Film remakes insult consumers, increased demand for original content necessary

In a world where stress is at an all-time high, many turn to movies for a break from the chaos of everyday life. For two hours, people can just grab some popcorn and become emerged in a different world. Newly released movies, however, are looking more and more like the iconic movies we have seen in the past. 

There are currently 135 movie remakes that will be produced between 2017 and 2021, according to IMDb. The reasoning behind this lofty of a number for remakes, isn’t all that surprising: all the top 10 worldwide grossing movies in 2017 were either sequels to a movie or a remake. 

When viewers are already entranced by a movie, it is easy for the film industry to exploit this for a profit. It also saves moviemakers the effort of creating an original idea.

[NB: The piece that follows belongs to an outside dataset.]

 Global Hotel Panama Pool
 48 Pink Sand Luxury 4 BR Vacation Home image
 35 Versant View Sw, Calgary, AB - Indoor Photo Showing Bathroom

To be fair, reboots of classic movies are not always a bad thing. As Stephen King’s It and Wonder Woman have shown, sometimes rebuilding a movie by furthering the character development or through giving the movie a different outlook can enhance the story. 

These few remakes, however, are the exceptions to an industry that has begun to take beloved films and lazily redo them—without adding the substance needed to make the movie better than the original. For every good movie remake, there are two of The Mummy’s or Baywatch’s, which are poorly edited and better left untouched in their respective pasts.

Movies are supposed to be art. Although to the general public the cinematic experience may be more for pleasure than for critiquing, it is important that films are created with artistic effort—and not just for the maximum amount of profit.

When the general public buys tickets to poorly constructed remakes of previously loved classic movies, we are telling moviemakers that tickets can cheaply be bought on nostalgia alone. It is integral that we, as a society, stand up against these cash grabs and insist that poorly made movies will not be watched. 

In our cinema, we must look for more than just the name of a movie we recognize or a well-known actor. It needs to be known that rehashed tricks and poorly constructed subplots will not produce a profit; instead, they will result in bad ratings and little-to-no box office rates. 

The only way to successfully stop studios from remaking classic movies starts and ends with the general public. Sources like Rotten Tomatoes and IMDb are reputable sites when looking up ratings of movies written by both critics and moviegoers.

In addition to being educated about upcoming films, it is important to buy tickets to original and well-developed movies. It is also imperative to consider a movie that is not as widely known, as it may end up being your new favorite. For example, the 2016 Best Picture winner, Moonlight, had minimal playing in select theaters before it’s nomination for an Oscar.

As consumers, we deserve original, well-made content when it comes to the films we watch and the money we spend. It is essential to hold studios accountable for creating innovative, interesting films—not just remaking popular movies.